There is one DVD extra (about twenty minutes) that has eight scenes. It is quite good.

The DVD's picture and sound quality were perfect. There were no distracting artifacts.

Finally, if you're a William Shakespeare fanatic like I am, then you'll enjoy this program. I learned a lot of new things that I was not aware of before. If you're a newcomer to Shakespeare's life then I envy you. This program is the best introduction to his life, in my opinion, that there is.

In conclusion, be sure to view this program and find out why Shakespeare discovered that the duty of poets was "to speak what we feel and not what we ought to say!"

(2003; 4 hours; 2 discs; made for TV; wide screen)

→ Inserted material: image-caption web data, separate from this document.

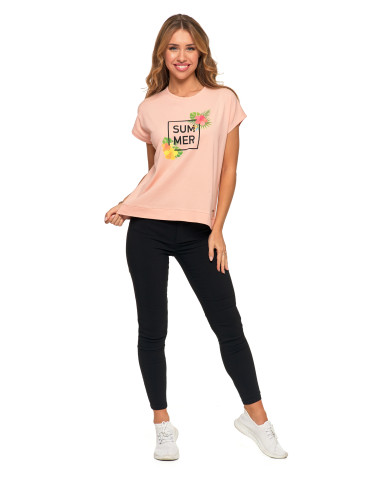 Koszulki i topy - Koszulka damska T-shirt luźny wakacyjny nadruk KORALOWY - produkt 9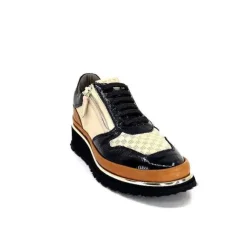 Xsa 9809 Cuir Noir, Marron & Creme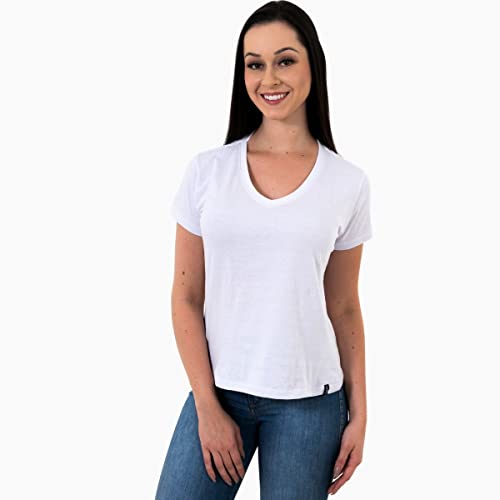 Kit 5 Camisetas Feminina Babylook Básica Algodão Gola V By Zaroc (BR, Alfa, M, Regular, Branco)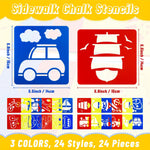 YETOOME 24 Pieces Stencils for Kids, 5.9 x 5.5 Inches Chalk Drawing Stencils, Large Washable Vehicles Themed Primary Shape Template for Kids Toddlers Preschooler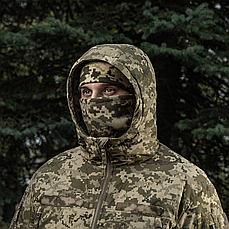 Комплект шапка + баф, фліс 260 г/м2 — Піксель ММ14, зимовий, універсальний, фото 2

Michael Wood puts flesh on dusty old bones
Jagadeesan | Washington, DC | 09/25/2004
(5 out of 5 stars)

"I love Michael Wood. In his wonderful legacy series and in his books also, he puts a friendly arm around the viewer/reader and takes him/her on a voyage to old places which he makes new by his up-close show-and-tell-style. By jove, I never knew so many of Shakespeare's haunts were still standing, nor had I ever been so immersed in the traditions that are still going strong from Shakespeare's times. M. W. takes us inside dozens of town halls, old manors and castles to the very spots where the Bard first performed as a boy, applied for a wedding license, played for the queen, etc. By placing Shakespeare squarely in his dangerous times and showing us the political and religious plots that swirled around him, Shakespeare became beautifully real for me. M.W. shows us Shakespeare's writing may be for all times but the Bard was very much a product of his times. Beautifully photographed, also, and oh yes, Anglophiles will love all the neat old places. Thanks Michael."
Get to know the Bard!
Anyechka | Rensselaer, NY United States | 03/15/2007
(5 out of 5 stars)

"This four-part documentary goes above and beyond in bringing us the true story of the life and times of William Shakespeare, the greatest writer who ever lived. Each segment runs about an hour, but those four hours flew by in the blink of an eye for me because the story was so riveting. The viewer gets to know Shakespeare as a person, not just as some writer who lived in a very distant land and time and wrote in a rather hard to understand language. Not a lot has previously been known about his personal life, but thanks to this wonderful series, there are now a lot more facts out there. It also really helps that Michael Wood, the narrator, is really enthusiastic about his subject, and has a very friendly and engaging demeanour, instead of being some boring overly academic suit.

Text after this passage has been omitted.